Ringing Cambridge Surprise Minor.
All of the foregoing memory techniques are aimed at enabling the ringer to know, with certainty, in which pair of places his or her bells are intended to be rung.
The skill in handbell ringing is putting the bells into those places.
Track the treble
Awareness of the position of the treble is a key skill for most bellringing methods,
and a significant help in ringing Cambridge Surprise Minor.
Some hints and tips for developing the skill are given in the
techniques
section.
Before ringing Cambridge Surprise Minor, it is worth while becoming proficient at Oxford Treble Bob, and the more highly structured Plain Methods.
Such expertise will make ringing Cambridge Surprise Minor all that much easier and enjoyable.

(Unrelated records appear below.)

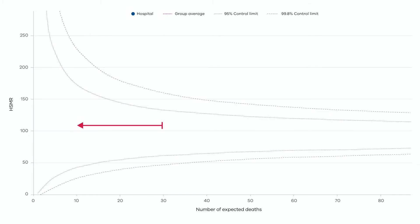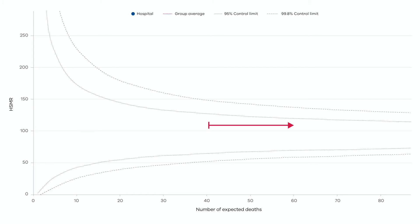The left-hand side shows results from smaller health services and the results on the right-hand side from larger health services. Next is the peer group average result. In this example, you can see they are collectively performing better than the expected baseline of 100.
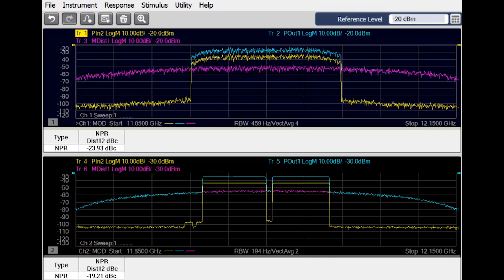For more information on the new modulation distortion application, visit Keysight.com or click on the link shown in the description.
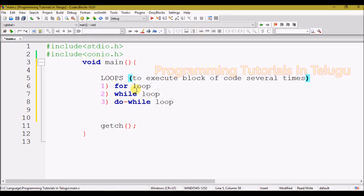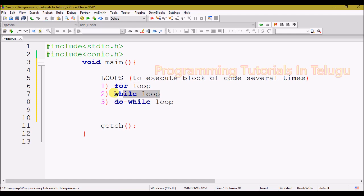Hi friends! Here we are going to talk about loops. We have three types of loops in C language. The first one is for loop, the second one is while loop, and the third one is do-while loop.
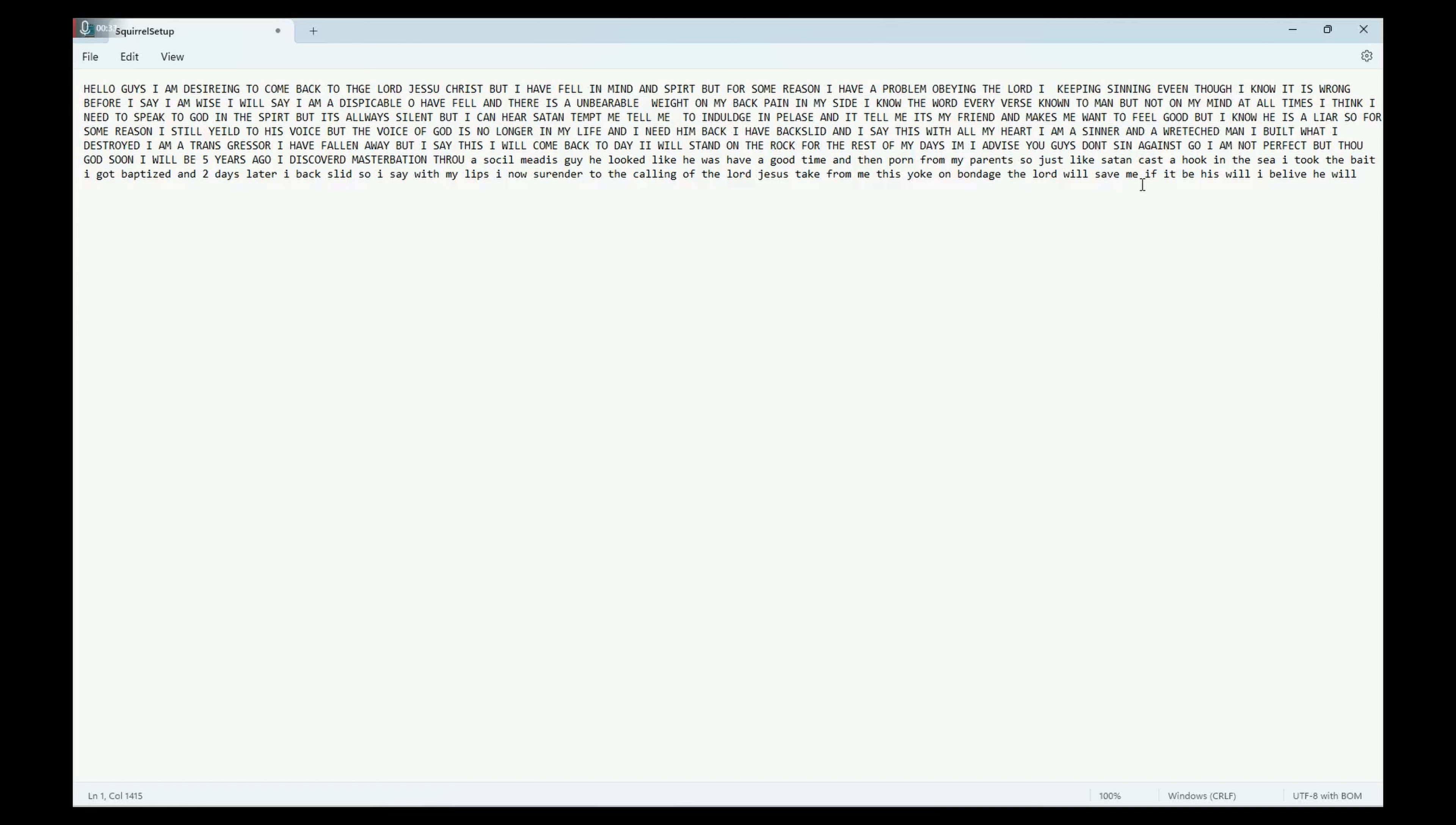But the Lord's word is not on my mind at all times. I think I need to speak to God and the Spirit, but he's always silent. I can hear Satan tempt me, tell me to indulge and please myself. He tells me he's my friend and makes me want to feel good, but I know he's a liar. For some reason I still yield to his voice.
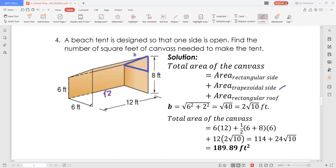Take note: this is base one, which is 8 feet, and this is the second base, which is 6 feet. The height is also 6 feet. For the area of the rectangular roof, we know this length is 12 units but we don't know this side's measure — let's denote it B. We can get this using the Pythagorean theorem. This side measures 6 feet and this is 2 feet, because it's 8 feet minus 6 feet. By the Pythagorean theorem, we get the square root of the sum of the squares of these two legs.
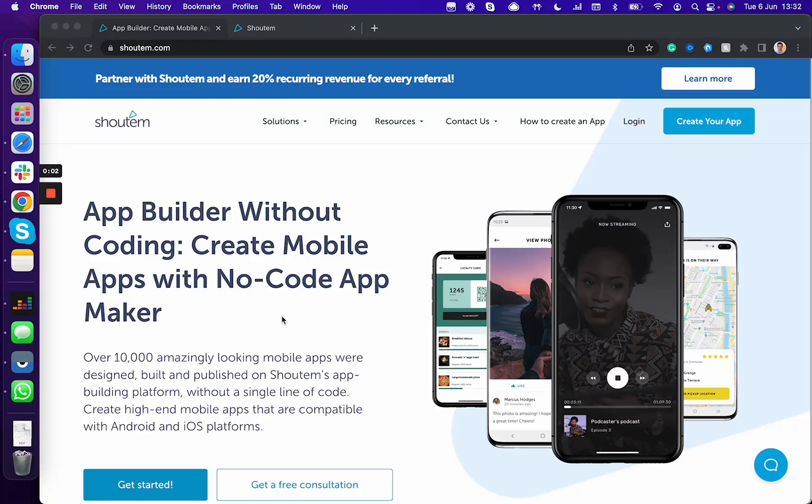Welcome! In today's video we're going to show you how to get started with building your app from scratch.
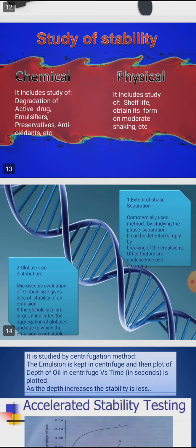Next, we will study the stability of emulsion, which includes chemical stability and physical stability. Chemical stability involves the study of degradation of active drugs, emulsifying agents, preservatives, and antioxidants. Physical stability includes the study of shelf-life and reconstitution on moderate shaking. Two key parameters are extent of phase separation and globule size distribution.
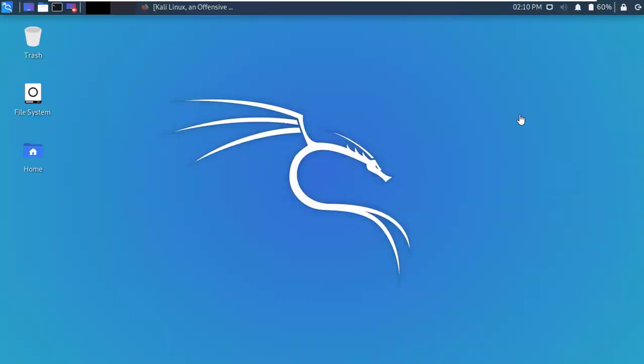Hello guys, welcome to Anon Hack Tech. Today I am back with another interesting video. In this video, I'm gonna show you how to install VirtualBox in Kali Linux. So guys, let's start.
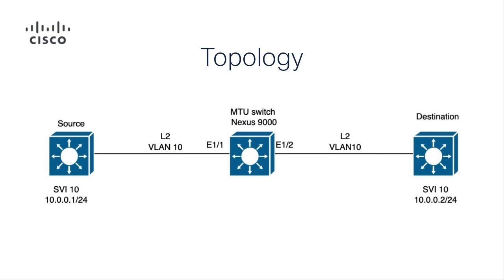Moving on we can now review the topology. In the center we have a Nexus 9000 labeled MTU switch which will start with a default MTU of 1500 on E11 and E12.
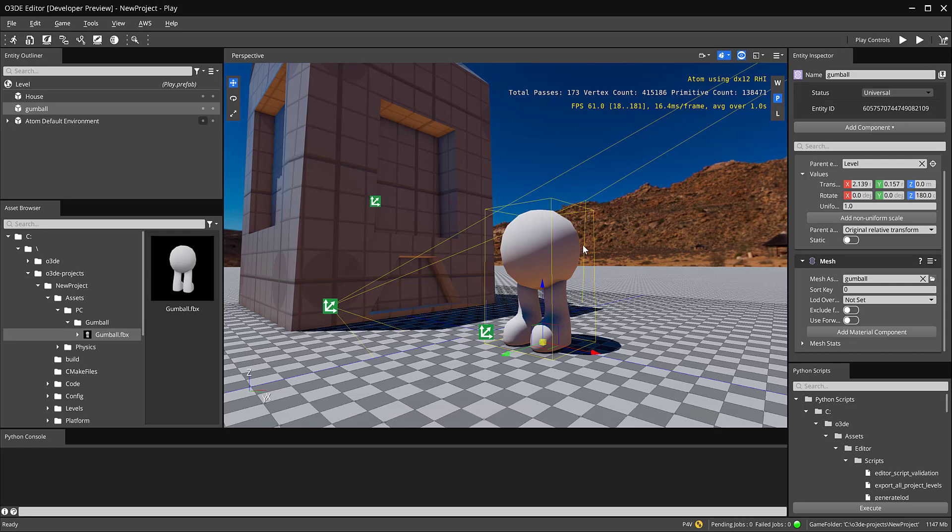Alright, so in the last video we took a look at creating this gumball character model and then we brought it inside of O3DE. In this video we're going to take a look at the process of unwrapping, creating a very basic texture, and then how we bring that texture in and loading it up as a material.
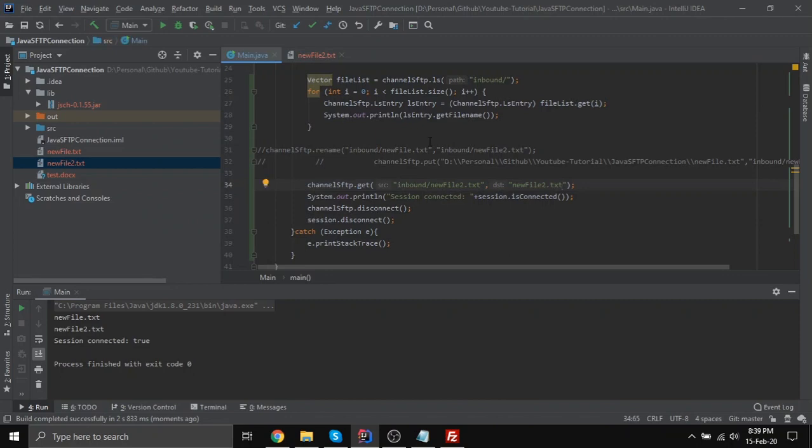In this video we have learned how we can create an SFTP connection using Java. We have seen how we can read all the files in an SFTP directory. We have seen how we can rename a file and how we can download a file from an SFTP server to our local PC. Thank you for watching, and if you find this video helpful please like, share, and subscribe to my channel.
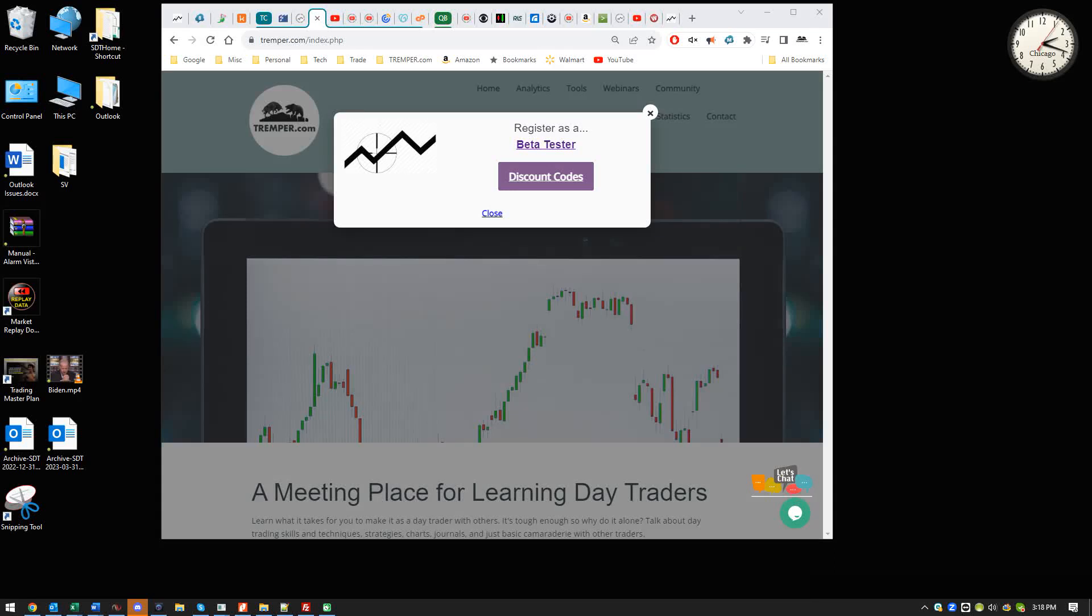Hello, trading folks. This is Friday afternoon. I wanted to do a quick video about this new thing that we're working on.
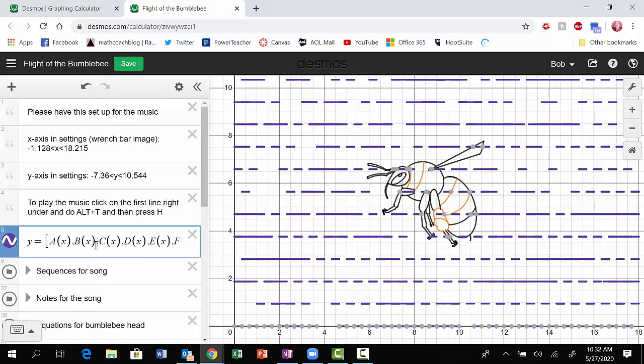So without further ado, here is Nathan's project. And if you look at the title, you can kind of hear what's going to go on here. So here's his function. I do Alt T, and here it is.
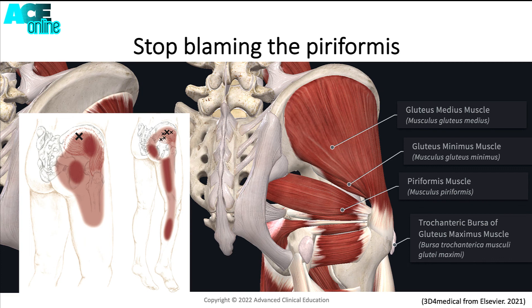So simply treating the piriformis and stretching the piriformis may not see the resolution of symptoms, and it may lead to the chronicity of the pathology.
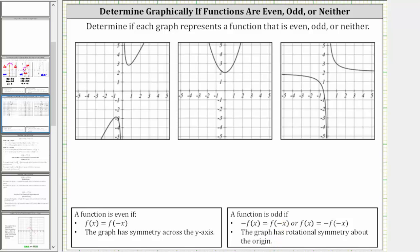Looking at the first graph, notice how if we try to fold this graph across the y-axis from the right to the left, we can easily see the two halves do not match up perfectly, and therefore this graph does not represent an even function.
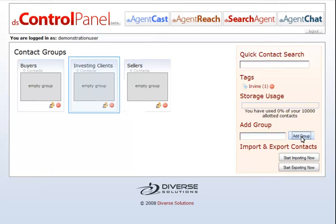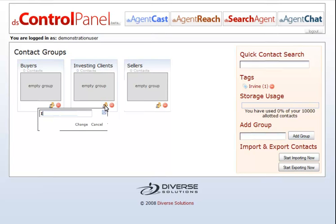Your group will be added to the right hand side of the page. To edit an existing group name, click on the edit button, insert the new name, and click change.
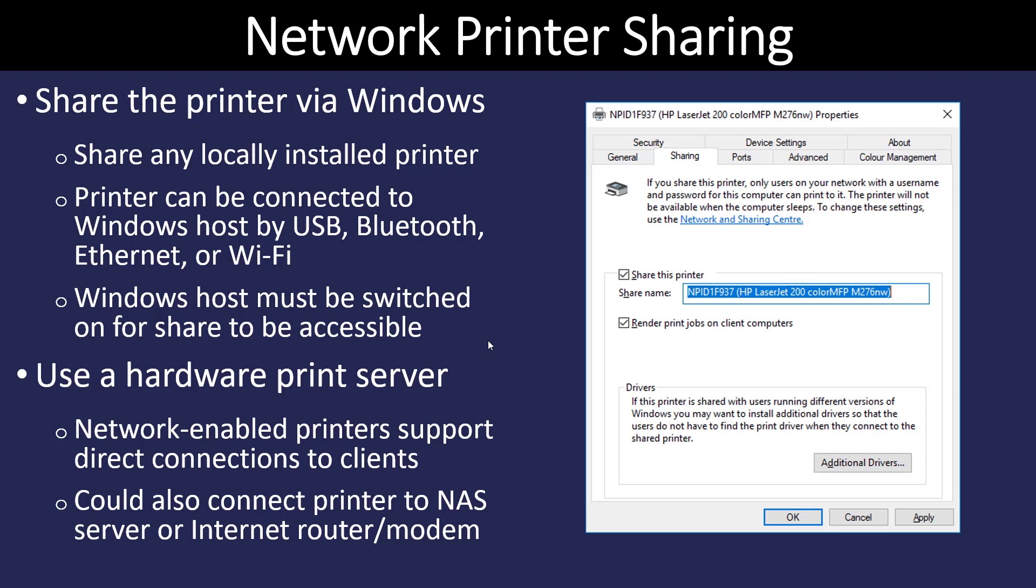Windows has some built-in features to share printers. In this screen right here, you can see that they have pulled up a laser printer. They clicked on the sharing tab of the properties box and they simply had the check mark, share this printer, gave it a name. And now everybody on the network is going to be able to find that printer and use it.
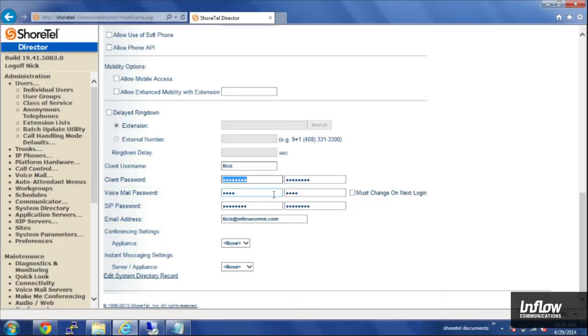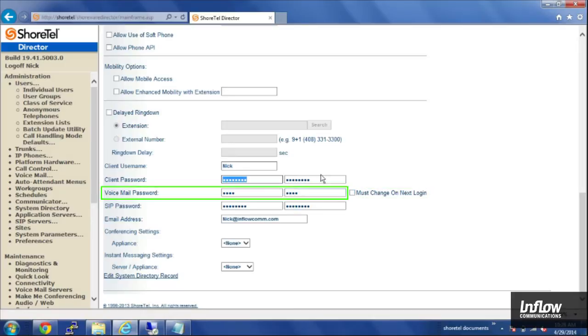You can also set, when you do the voicemail password, if you check the box that says 'must change on next login,' after the user has logged in with their temporary password they'll be prompted to change it.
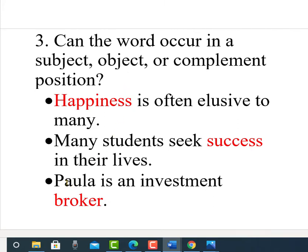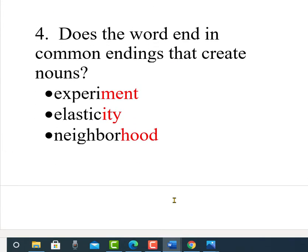In 'Paula is an investment broker,' broker comes after the linking verb and functions as a complement, making it a noun. So if you can put the word in a subject, object, or complement position, it is most likely a noun. Number four: does the word end in common endings that create nouns? For example, -ment as in testament or experiment, -ity as in elasticity, and -hood as in neighborhood. When these endings attach to a root, they create a noun through affixation. If you can answer yes to these questions, the word is most likely a noun.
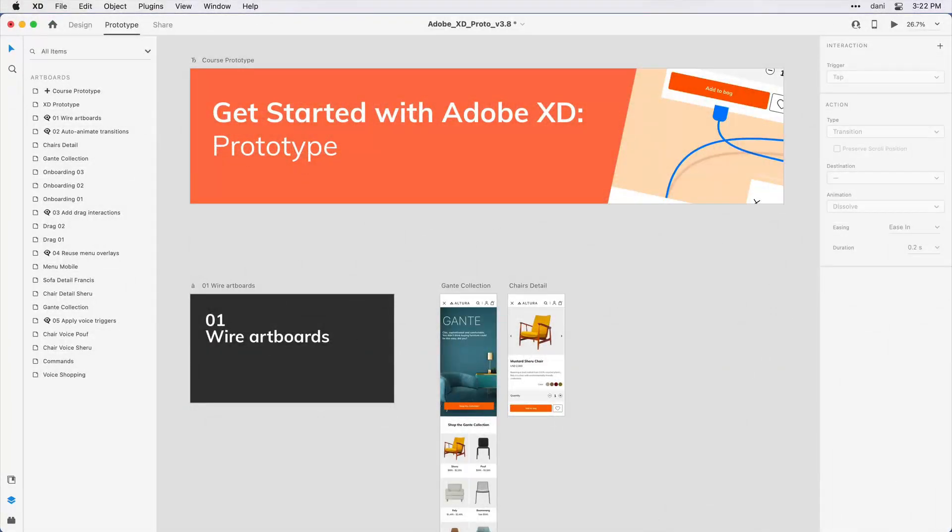Prototyping in Adobe XD allows you to quickly validate your concepts before engineering them. In this tutorial, I'll get you started building your first interactive prototype in five easy steps.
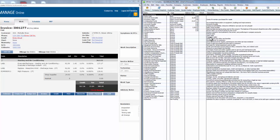Just remember that any adjustments to these accounts after the export will duplicate the account if you export again. That's how to export invoice data from Manage Online to QuickBooks Desktop. Thank you.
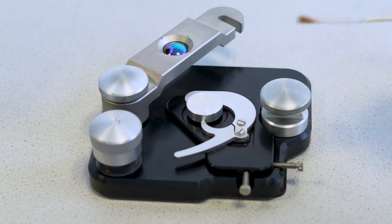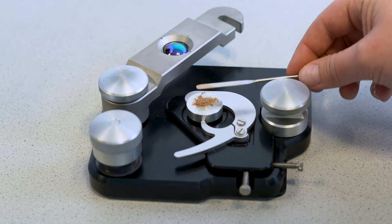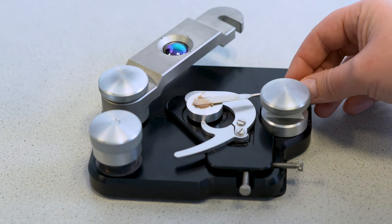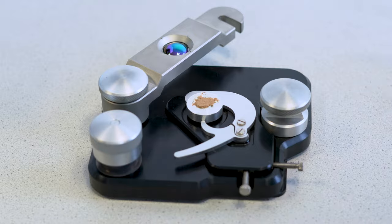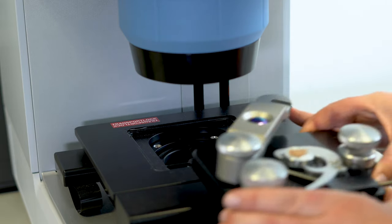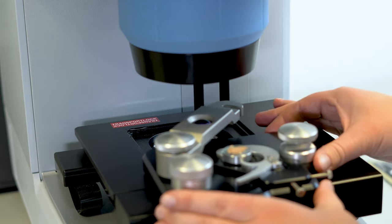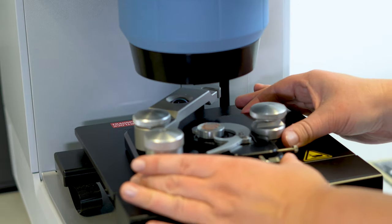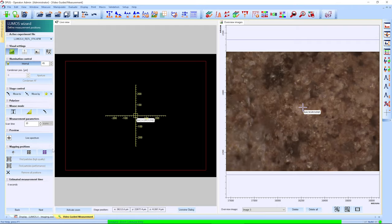For the analysis, we place the powder onto the accessory, press it down and slide the whole thing under the Lumos 2. Let's start the analysis.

And the practice will have given some skill at being aware of the work of the treble.
Positional Awareness
Positional awareness vs Cambridge Surprise Minor.
Cambridge Places anchor down 3rds and 4ths place amongst the other bells.
Time spent studying the places will be repaid when it comes to ringing Cambridge.
Place Notation Elements
The method only contains 5 elements (X, 12, 14, 36, 56), all of which will already have been rung.
Place Bells, Pivot Leads, and Staging posts
The helpful double place bell sequence for 3-4 should be noted, 3-4, 4-5, 5-2, 2-6, 6-3.
For a coursing pair, study:
Cambridge front work and Cambridge places
Cambridge front work and pivot bell.
Both bells make places in succession.
Pivot bell and front work.
Places and front work.
Awareness of other bells
Because Cambridge Surprise is fairly fluid in anature, developing an awareness of othe bells is quite tricky.
Focusing on the flying bells is a good way to start building an awareness of the work of the other bells.
Coursing Order in Cambridge Surprise Minor
Cambridge preserves the natural coursing order, well, above the treble.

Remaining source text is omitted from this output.